Recorded information Start Marker

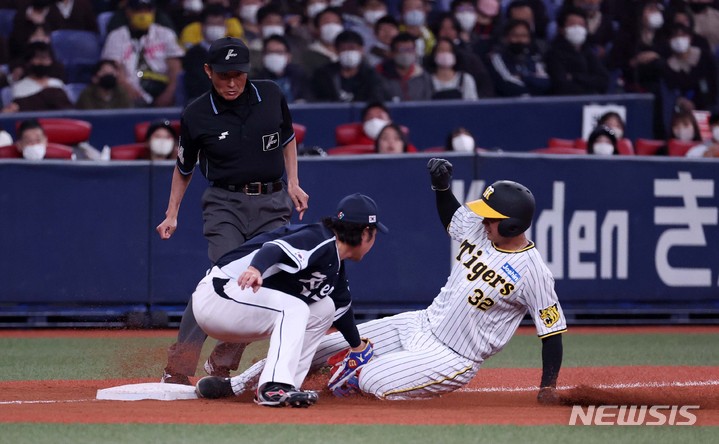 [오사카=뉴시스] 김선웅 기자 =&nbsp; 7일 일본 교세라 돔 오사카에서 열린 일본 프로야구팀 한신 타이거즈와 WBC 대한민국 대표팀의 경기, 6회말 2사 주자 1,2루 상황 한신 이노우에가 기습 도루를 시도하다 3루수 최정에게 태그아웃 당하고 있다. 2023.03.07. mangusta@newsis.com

Recorded information End Marker
Recorded information Start Marker

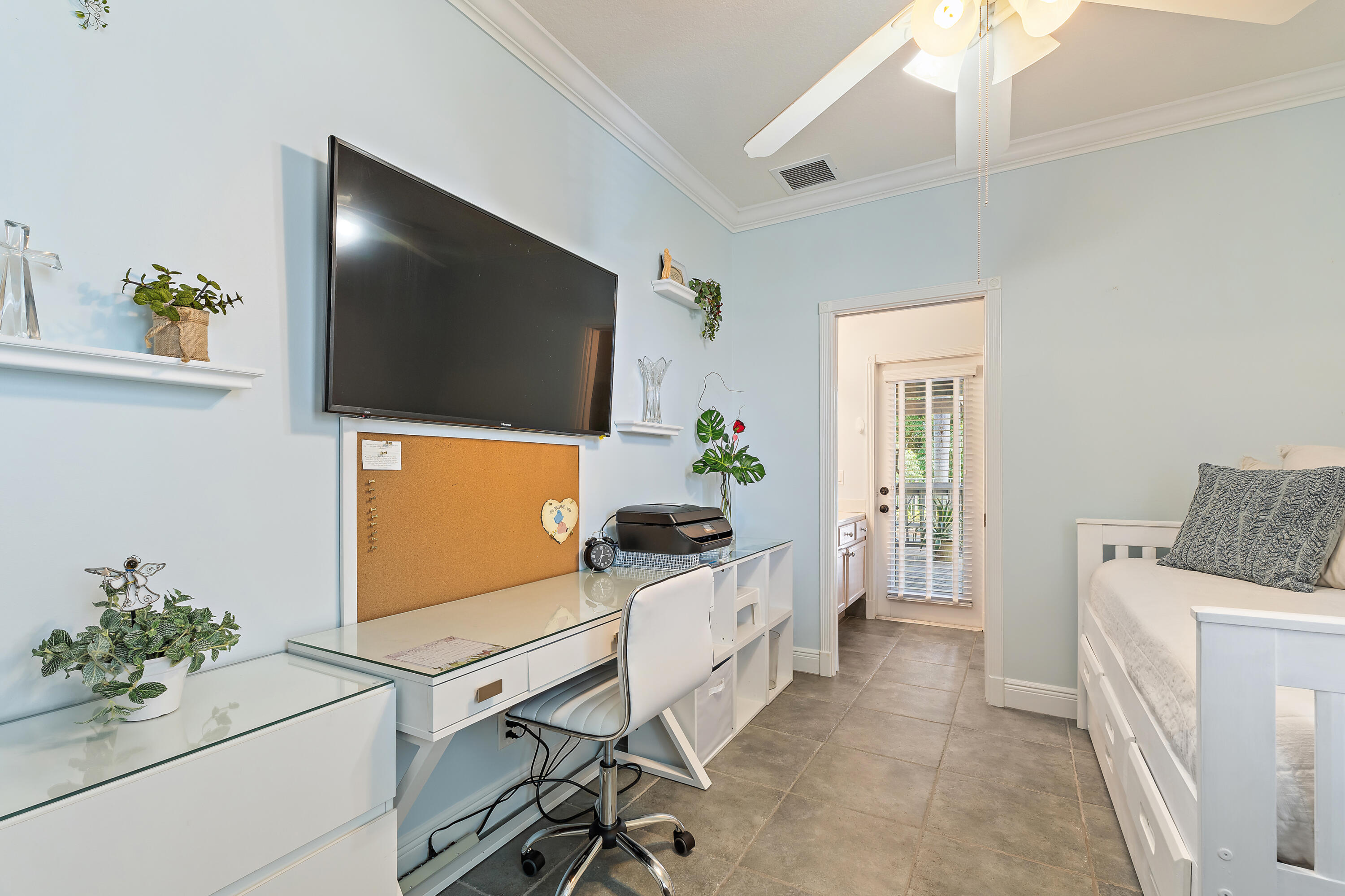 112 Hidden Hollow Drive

Recorded information End Marker
Recorded information Start Marker

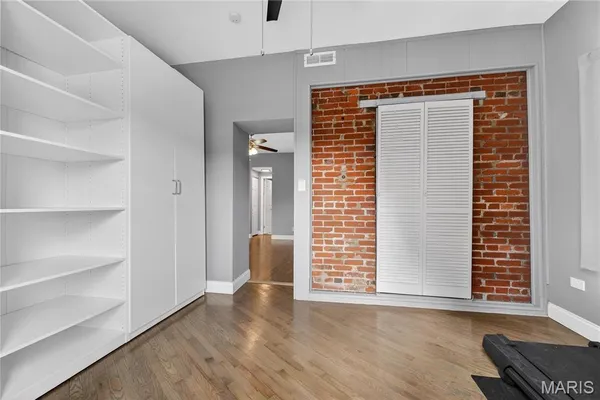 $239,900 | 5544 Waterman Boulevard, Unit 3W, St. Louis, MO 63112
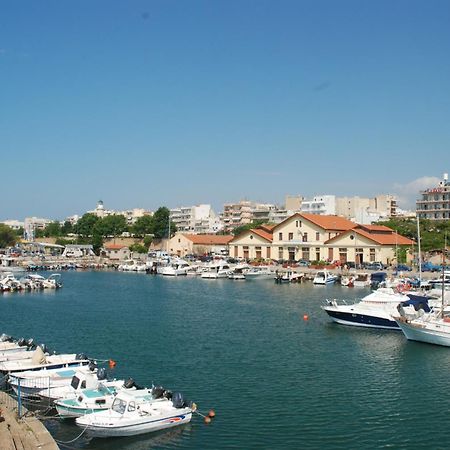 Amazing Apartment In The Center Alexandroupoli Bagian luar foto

Recorded information End Marker

_Task objective_:
Copy only the lines above from the one containing "Louis, MO 63112" through the one containing "Amazing Apartment In", both included. Leave out the pictures.

_Answer for this exercise_:
 $239,900 | 5544 Waterman Boulevard, Unit 3W, St. Louis, MO 63112
 Amazing Apartment In The Center Alexandroupoli Bagian luar foto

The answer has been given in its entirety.